→ What to work on
An exact copy of the data below is needed; please leave out any pictures.

→ Collected material
※
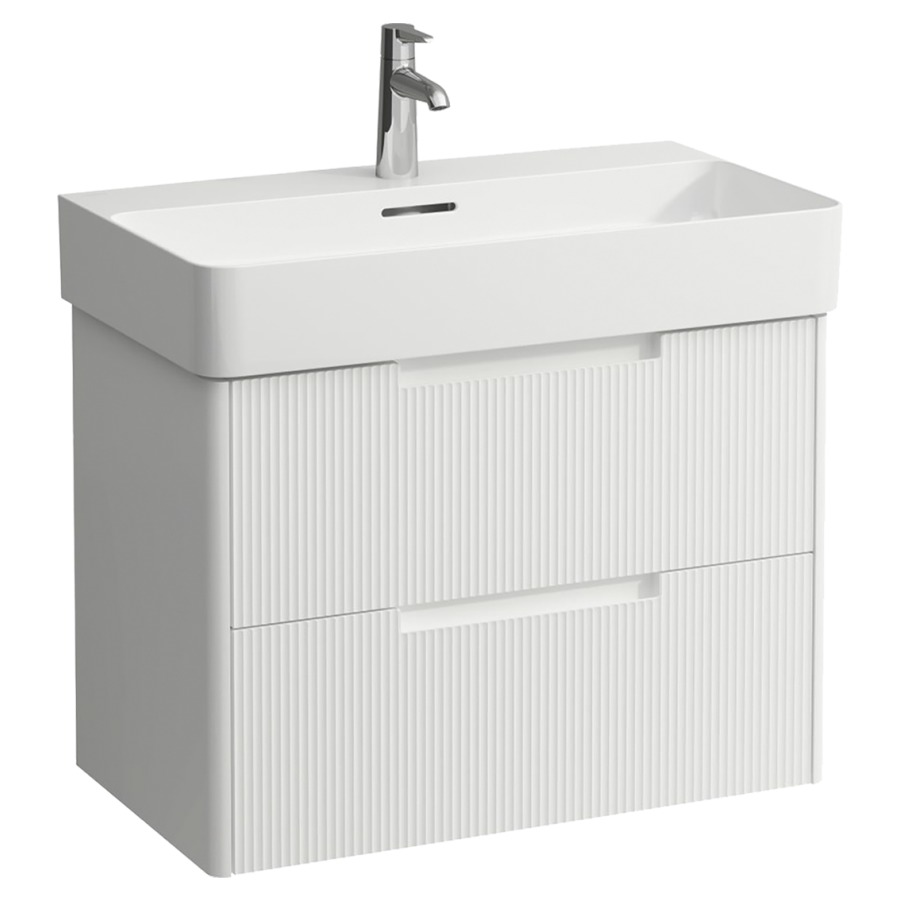 Élément inférieur  JUNA
72 x 51.5 x 40 cm
élément de tiroir, 2&nbsp;tiroirs
pour lavabo 211479/480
※
→ Output of the exercise
 Élément inférieur  JUNA
72 x 51.5 x 40 cm
élément de tiroir, 2&nbsp;tiroirs
pour lavabo 211479/480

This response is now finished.